Можно вспомнить и «Мелкого Беса» Сологуба, можно и «Обломова» Гончарова назвать, тем более что образ этого персонажа канонизирован и превращен в архетипичную фигуру в русле русской жизни и русской литературы. А Салтыков-Щедрин с его великолепным языком! И Лесков, конечно. Комедия Грибоедова навеки в русской литературе, хотя бы через язык. Достоевского и Толстого лишь упоминаю - за очевидностью их величия. Но для меня, если отсечь всех, останется как «сухой остаток» проза Пушкина, Лермонтова и Гоголя.  Это - абсолютные вершины в сочетании содержания и стиля. Видите, у меня - не оригинальный выбор. А оригинальным он и не может быть. «Героя нашего времени» я перечитывал не менее десяти раз. «Мертвые души» - не менее пяти раз. И хорошо бы еще перечитать. Произведения, которые тянет перечитать, - это и есть любимые вещи.
Из американской классики, наверное, Вам нравятся такие авторы, как Драйзер, Фолкнер, Фицджеральд?
Сейчас я работаю над своими мемуарами «Из СССР в Россию и обратно». В них, кроме всего прочего, я рассказываю о своих первых любимых книгах, о том, кто на меня повлиял помимо семьи и очень хорошей школы. Отличные книги мне давала одна девочка, соседка по коммунальной квартире. Она открыла для меня и «Капитанскую дочку», и Драйзера - «Гения» и «Американскую трагедию». Не перечитывал с детства оба этих романа, но детально их помню. С Теодором Драйзером я «познакомился» до четвертого класса.

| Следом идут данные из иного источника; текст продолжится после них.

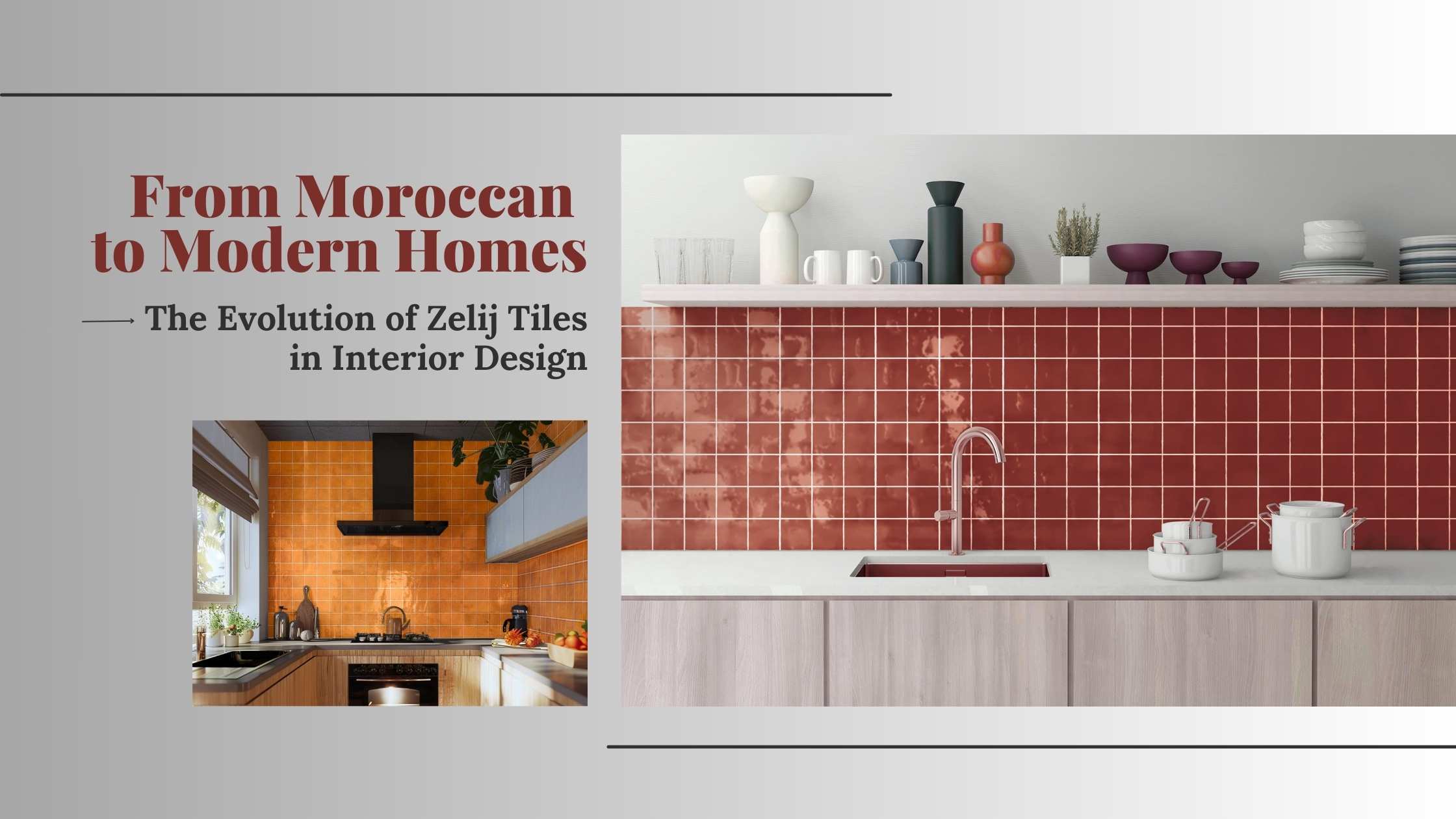 From Moroccan to Modern Homes - The Evolution of Zelij Tiles in Interior Design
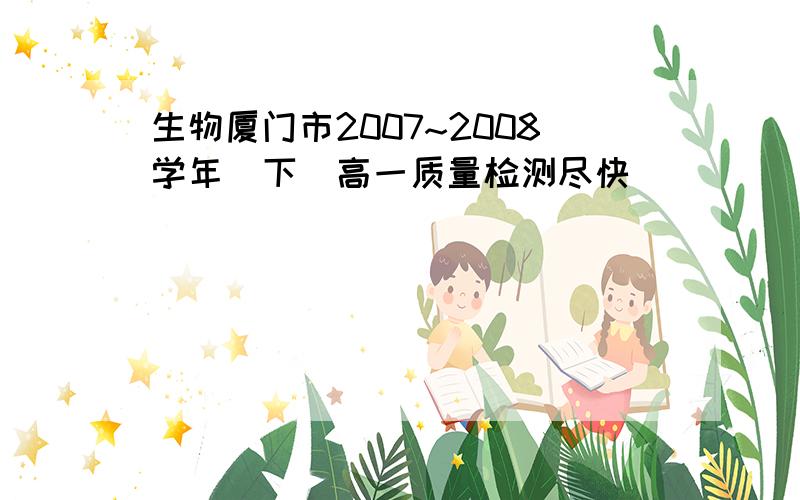 生物厦门市2007~2008学年(下)高一质量检测尽快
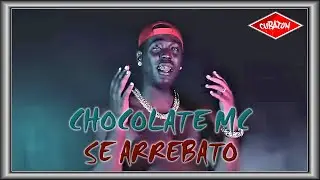 CHOCOLATE MC - Se Arrebato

Хемингуэй и Фолкнер - бесспорно. Ну и «Моби Дик» Мелвилла, естественно.
Это же сложная литература! Как-то не очень подходит ребенку десяти лет…

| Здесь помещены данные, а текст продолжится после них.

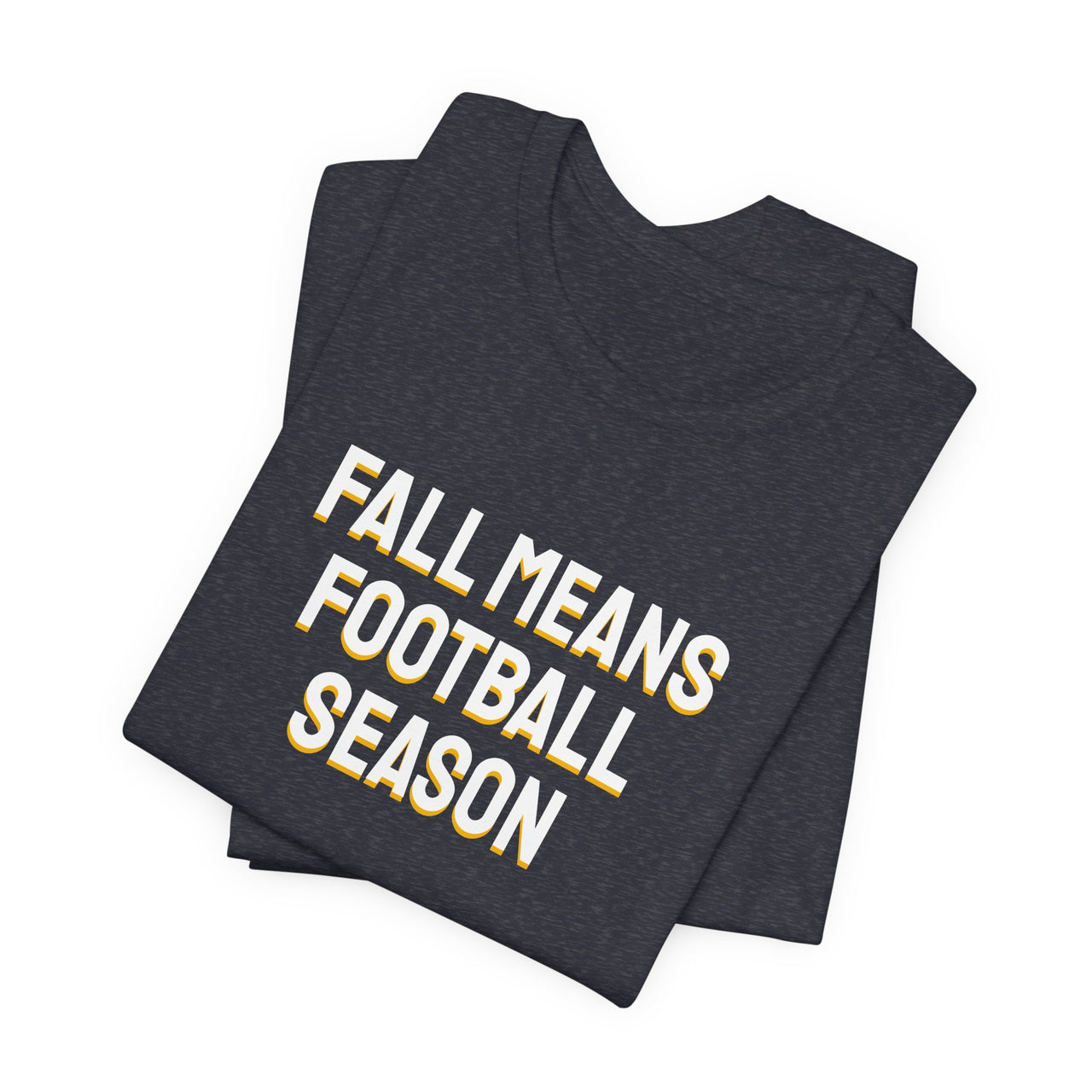Fall Means Football Season — Football T-Shirt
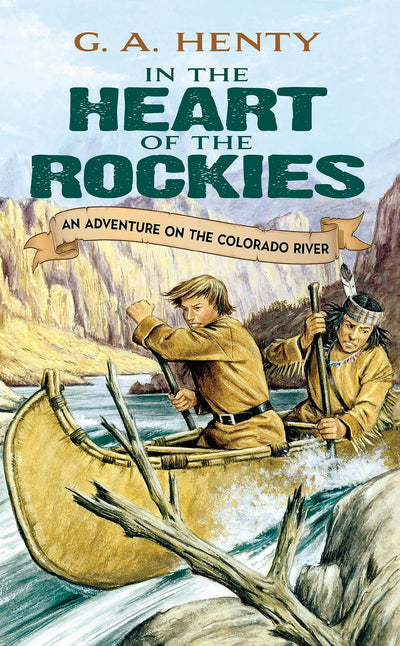 In the Heart of the Rockies: An Adventure on the Colorado River (Dover Children's Classics)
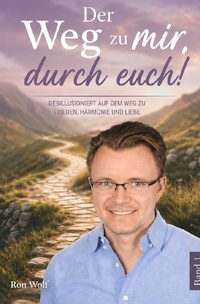 Enlarge image Cover: Der Weg zu mir, durch euch! - epubli
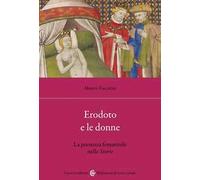 Erodoto e le donne. La presenza femminile nelle Storie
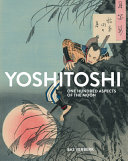 Yoshitoshi : one hundred aspects of the moon /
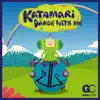 Katamari Dance With Me - EP album lyrics, reviews, download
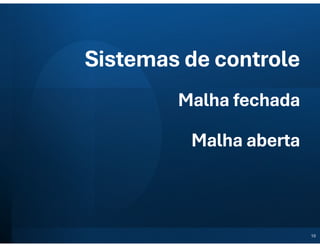 Sistemas de controle
Malha fechada
Malha aberta
10
 
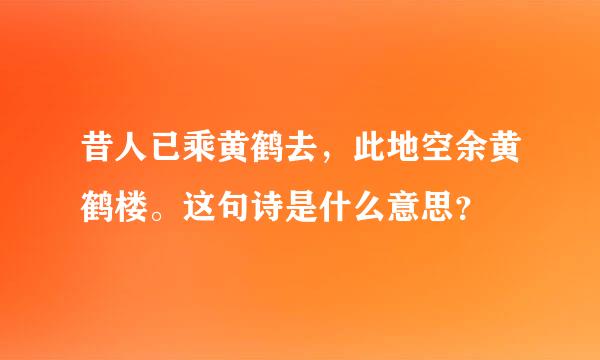 昔人已乘黄鹤去，此地空余黄鹤楼。这句诗是什么意思？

Хемингуэя, Фолкнера и Мелвилла я прочитал уже в юности, а в детстве - так уж получилось, Драйзера. разумеется, я читал и сказки - русские, персидские, корейские. Естественно, нравился Гауф, его «Маленький Мук» и подобные шедевры.
«Маленький Мук» с Драйзером - странное сочетание…

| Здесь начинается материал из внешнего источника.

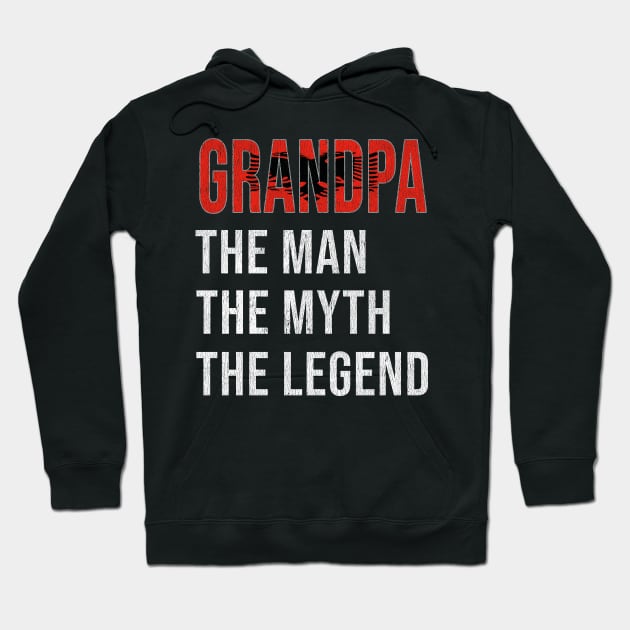 Grand Father Albanian Grandpa The Man The Myth The Legend - Gift for Albanian Dad With Roots From  Albania Hoodie by Country Flags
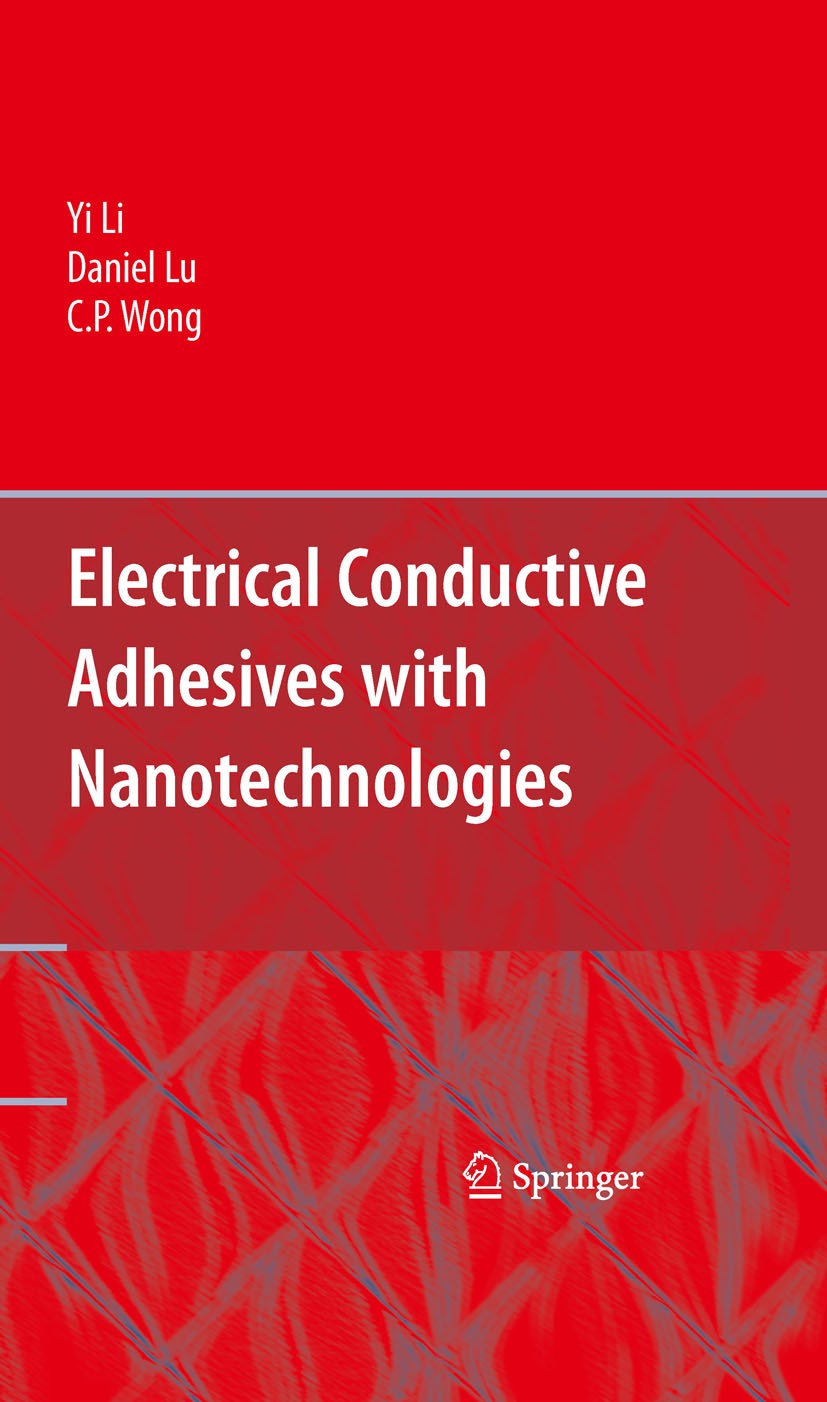 Titlebook: Electrical Conductive Adhesives with Nanotechnologies; Yi Li,Daniel Lu,C. P. Wong Book 2010 Springer-Verlag US 2010 electrical conductive Titlebook: Electrical Conductive Adhesives with Nanotechnologies; Yi Li,Daniel Lu,C. P. Wong Book 2010 Springer-Verlag US 2010 electrical conductive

Да, вот такое хаотичное чтение. «Легенды и мифы Древней Греции» Николая Куна  тоже до четвертого класса прочитал. Несколько раз их перечитывал, так мне они понравились. Не был равнодушен, естественно, и к иллюстрациям в этой книге. Но все-таки воспринимал эти изображения обнаженной натуры как образцы античного понимания красоты. Родители, хоть и не относились к гуманитарной сфере, но придерживались «железного» закона: ребенок должен много читать. Это не то, что не обсуждалось, это был императив. Отец еще приучил меня фиксировать в  специальной тетради свои отзывы о каждой прочитанной книге. Я очень жалею, что выбросил эти тетрадки, совершил такую молодежную глупость. Всем своим студентам я теперь говорю: «То, что вы написали - в школе, в университете, ничего не выбрасывайте.  Храните все - от студенческих работ до любовных записок. Сейчас вы это не цените. Но когда лет через сорок вы залезете в коробку со старыми записями, вы меня за этот совет добрым словом вспомяните».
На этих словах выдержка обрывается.